Un autre lieu emblématique de l’élevage de chevaux fut Nexon, en Haute-Vienne. On s’occupa en effet d’élever des chevaux de luxe à Nexon dès le commencement du XVIIème siècle. Par la suite, un grand nombre de poulinières existèrent à Nexon et presque tous leurs produits étaient vendus pour les écuries du Roi et pour les officiers supérieurs de l’armée. Les haras de Pompadour en achetèrent plusieurs. Au XIXème siècle, la famille Gay de Nexon poursuivit cette activité et fit courir des chevaux. Ce n’est qu’à la fin du siècle suivant que Ferréol de Nexon, héritier du domaine et des terres, abandonna peu à peu l’élevage chevalin devenu peu rentable. Après avoir cédé le château à la municipalité en 1983, il vendit sa dernière poulinière en 1990 et mit fin, à 500 ans d’histoire de sa famille et de l’élevage du cheval dans le bourg de Nexon.
Les environs de Limoges disposent de L’hippodrome de Texonnieras, qui se situe à Couzeix. Inauguré en 1821 et modernisé au début des années 1970, il est ouvert au galop avec une piste en herbe de 2 000 mètres et au trot avec une piste en sable de 1 300 mètres, avec corde à droite. Il s’agit aussi d’un centre équestre situé à environ 500 m de l’hippodrome. Le Dorat accueille aussi un hippodrome, où l’on pratique le plat, le trot et l’obstacle.
Les bons services militaires du cheval limousin entraînèrent de fréquentes réquisitions sous la République et le Premier Empire, en particulier pour la guerre de Vendée et les différentes guerres napoléoniennes, ce qui causa une raréfaction de la race. Croisé à l’Arabe et au Pur-Sang durant le XIXème siècle, puis reconverti dans les courses hippiques, le cheval limousin disparaît à l’orée du XXème, en particulier sous l’influence de l’Anglo-Arabe.

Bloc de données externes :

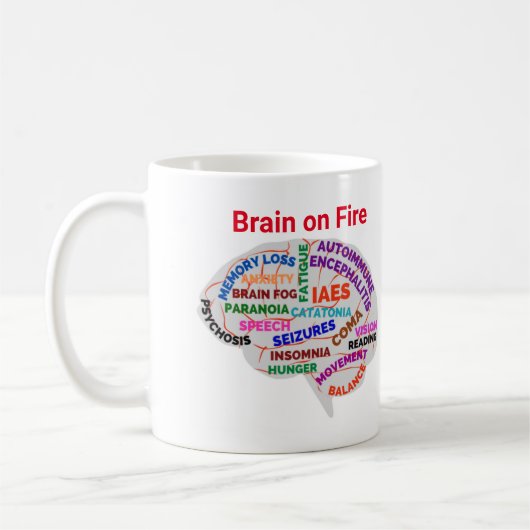Brain on Fire AE Awareness Month 2023 Mok (Links)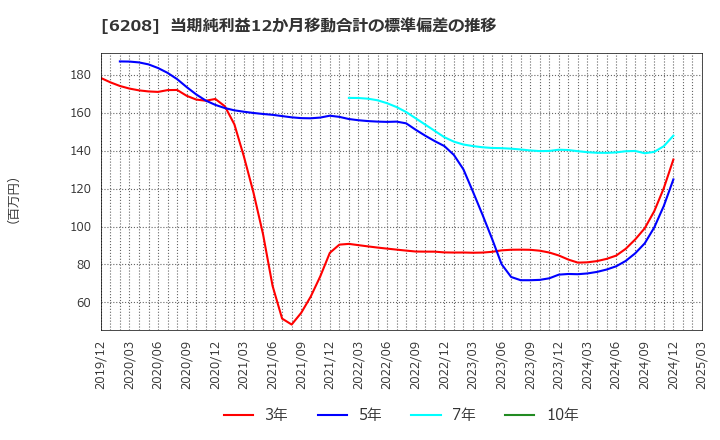 6208 (株)石川製作所: 当期純利益12か月移動合計の標準偏差の推移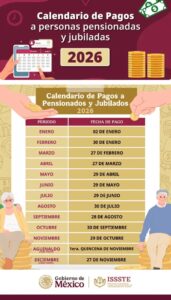 Fecha de pago para pensionados y jubilados en 2026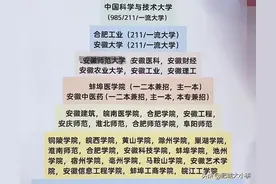 安徽高校金字塔，安科技、淮南师范升为一本图片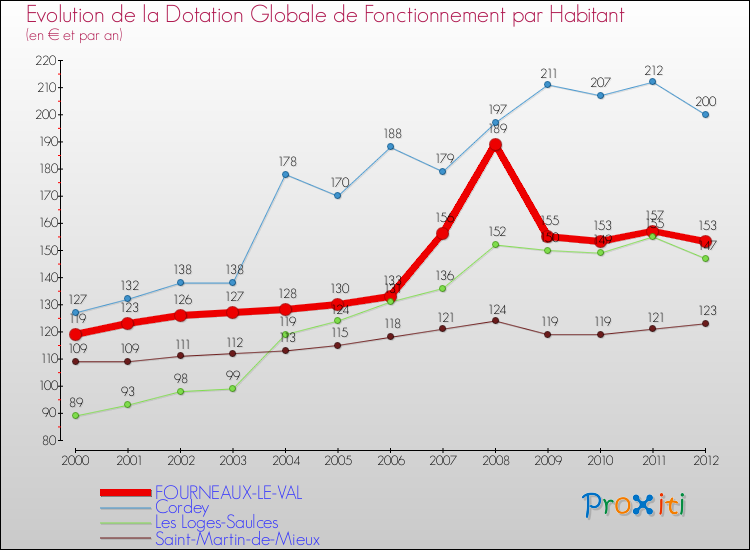 Evolution et montant de la dotation globale de fonctionnement par Habitant pour FOURNEAUX-LE-VAL et les communes proches Comparaison des dotations globales de fonctionnement par habitant pour FOURNEAUX-LE-VAL et les communes voisines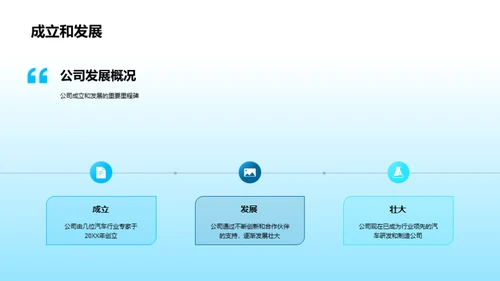 共创智能汽车未来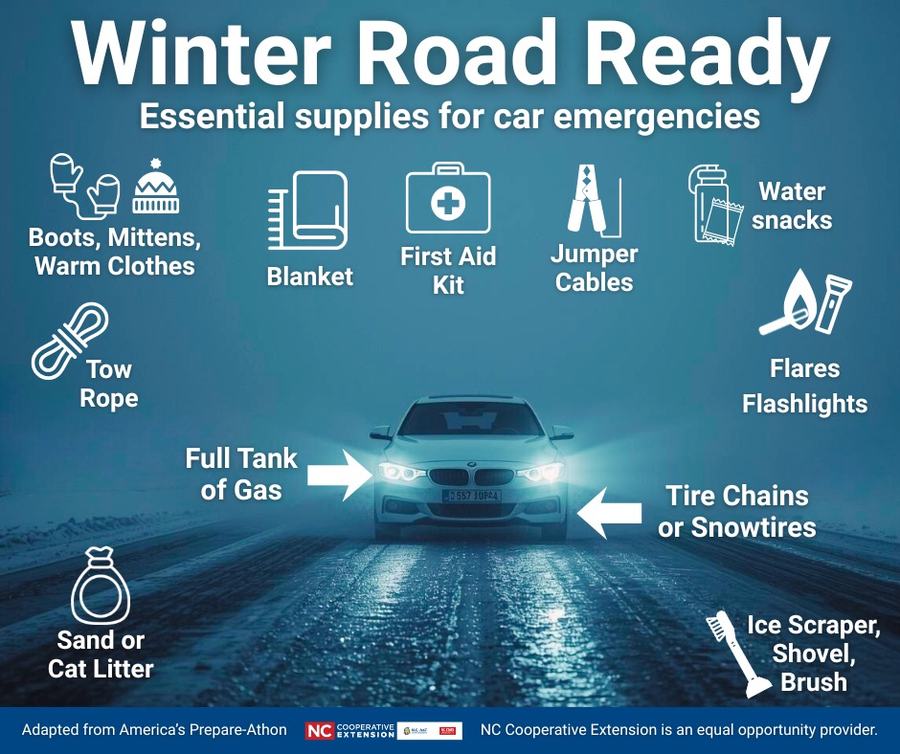 Make sure your car has essential supplies for car emergencies.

Aujourd’hui, nombreux sont les centres équestres dans la région. Les circuits de randonnées équestres, très nombreux, permettent de faire le tour du lac de Saint-Pardoux, de caracoler à travers les bruyères des Monédières, de s’enfoncer dans les mystères des Monts de Blond ou encore de faire étape sous des tipis à Vassivière. A Alleyrat, de robustes chevaux de trait emmènent toute la famille pour une randonnée attelée et un pique-nique dans la vallée de la Creuse. Différentes formules offrent la possibilité de partir seul ou accompagné, et de jalonner ses balades de haltes en chambres d’hôtes et en tables du terroir.